■ Listed records
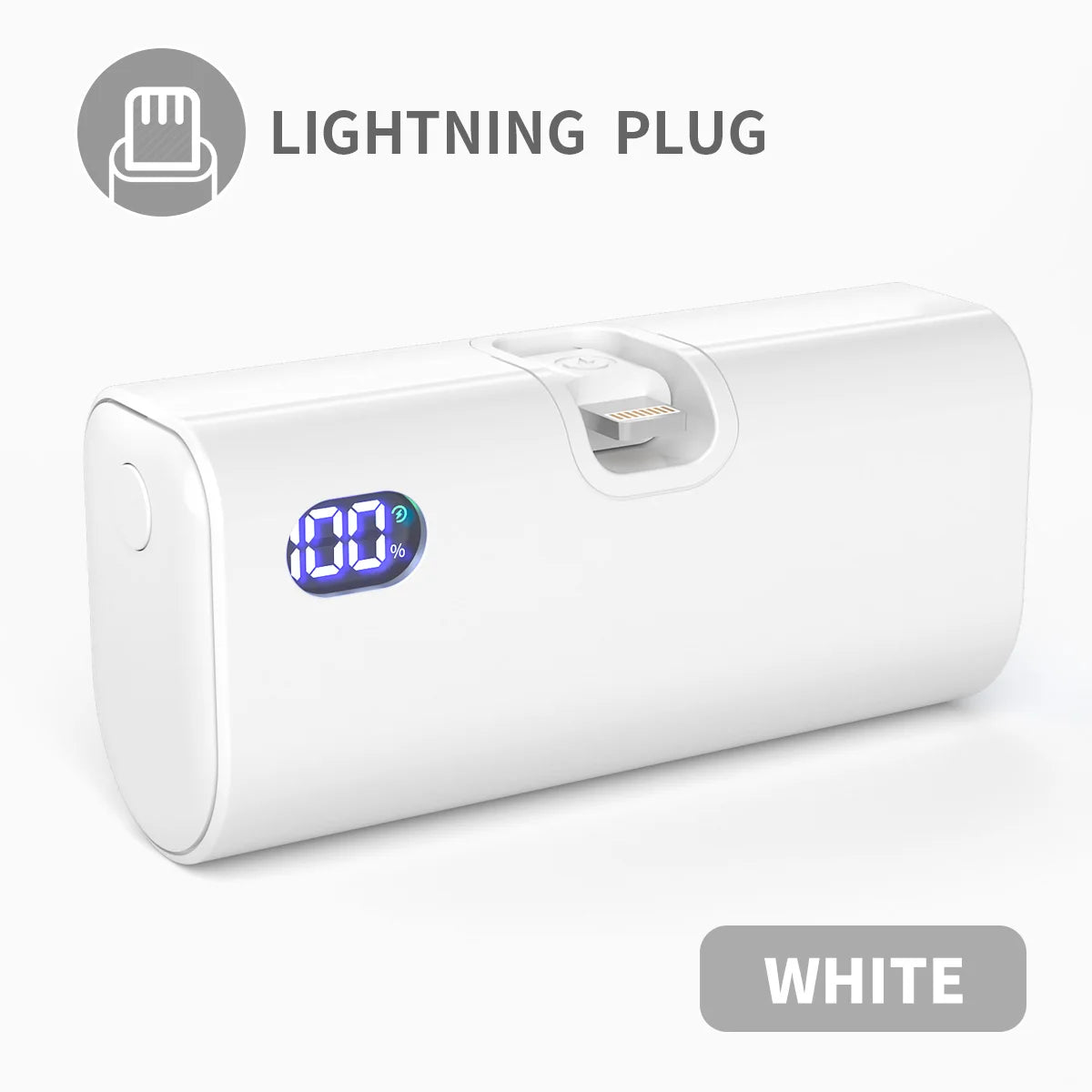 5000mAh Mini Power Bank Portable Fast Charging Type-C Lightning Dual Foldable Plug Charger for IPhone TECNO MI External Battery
==
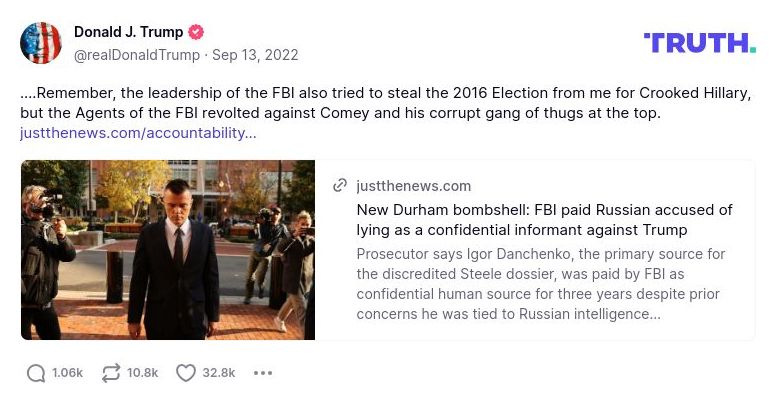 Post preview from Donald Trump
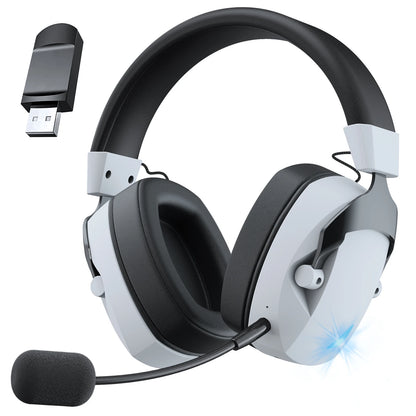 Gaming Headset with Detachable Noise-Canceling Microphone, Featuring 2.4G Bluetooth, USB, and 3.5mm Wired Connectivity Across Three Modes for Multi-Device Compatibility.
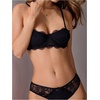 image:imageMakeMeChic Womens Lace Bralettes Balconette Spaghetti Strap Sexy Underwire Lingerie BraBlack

■ Task description
In the listing above, find the line containing "Gaming Headset with" and the line containing "image:imageMakeMeChic Womens Lace", then write out both of them and every line between, exactly, with no pictures.

■ Result for this task
 Gaming Headset with Detachable Noise-Canceling Microphone, Featuring 2.4G Bluetooth, USB, and 3.5mm Wired Connectivity Across Three Modes for Multi-Device Compatibility.
 image:imageMakeMeChic Womens Lace Bralettes Balconette Spaghetti Strap Sexy Underwire Lingerie BraBlack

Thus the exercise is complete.